> _Work order_: Taking the entries below from the top, restate each line exactly and end with the line containing "MILAKOO Stainless Steel".

> _Exercise input_:
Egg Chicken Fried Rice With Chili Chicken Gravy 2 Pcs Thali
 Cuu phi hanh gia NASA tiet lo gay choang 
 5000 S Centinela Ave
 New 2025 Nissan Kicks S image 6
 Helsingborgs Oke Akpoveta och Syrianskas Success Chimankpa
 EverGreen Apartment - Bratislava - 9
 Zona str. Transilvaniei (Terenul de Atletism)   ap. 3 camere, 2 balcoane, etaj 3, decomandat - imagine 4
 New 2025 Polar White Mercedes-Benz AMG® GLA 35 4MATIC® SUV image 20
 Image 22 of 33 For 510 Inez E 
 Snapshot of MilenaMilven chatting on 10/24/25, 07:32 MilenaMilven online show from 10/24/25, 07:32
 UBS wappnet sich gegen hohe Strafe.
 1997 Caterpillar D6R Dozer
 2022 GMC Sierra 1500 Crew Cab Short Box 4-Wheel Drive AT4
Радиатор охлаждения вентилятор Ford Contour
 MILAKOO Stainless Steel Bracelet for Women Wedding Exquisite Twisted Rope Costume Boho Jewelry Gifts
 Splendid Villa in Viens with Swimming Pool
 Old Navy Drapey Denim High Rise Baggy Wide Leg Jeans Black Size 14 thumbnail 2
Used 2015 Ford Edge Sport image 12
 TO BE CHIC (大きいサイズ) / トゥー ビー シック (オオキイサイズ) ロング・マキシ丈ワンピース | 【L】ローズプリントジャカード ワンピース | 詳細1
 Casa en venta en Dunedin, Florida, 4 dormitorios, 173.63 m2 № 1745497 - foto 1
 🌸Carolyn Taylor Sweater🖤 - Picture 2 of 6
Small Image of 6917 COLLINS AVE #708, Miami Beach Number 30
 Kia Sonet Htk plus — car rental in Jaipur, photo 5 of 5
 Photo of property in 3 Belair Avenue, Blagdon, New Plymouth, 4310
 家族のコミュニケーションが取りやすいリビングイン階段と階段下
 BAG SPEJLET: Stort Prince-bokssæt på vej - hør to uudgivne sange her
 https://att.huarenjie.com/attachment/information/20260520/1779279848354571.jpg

> _The answer_:
Egg Chicken Fried Rice With Chili Chicken Gravy 2 Pcs Thali
 Cuu phi hanh gia NASA tiet lo gay choang 
 5000 S Centinela Ave
 New 2025 Nissan Kicks S image 6
 Helsingborgs Oke Akpoveta och Syrianskas Success Chimankpa
 EverGreen Apartment - Bratislava - 9
 Zona str. Transilvaniei (Terenul de Atletism)   ap. 3 camere, 2 balcoane, etaj 3, decomandat - imagine 4
 New 2025 Polar White Mercedes-Benz AMG® GLA 35 4MATIC® SUV image 20
 Image 22 of 33 For 510 Inez E 
 Snapshot of MilenaMilven chatting on 10/24/25, 07:32 MilenaMilven online show from 10/24/25, 07:32
 UBS wappnet sich gegen hohe Strafe.
 1997 Caterpillar D6R Dozer
 2022 GMC Sierra 1500 Crew Cab Short Box 4-Wheel Drive AT4
Радиатор охлаждения вентилятор Ford Contour
 MILAKOO Stainless Steel Bracelet for Women Wedding Exquisite Twisted Rope Costume Boho Jewelry Gifts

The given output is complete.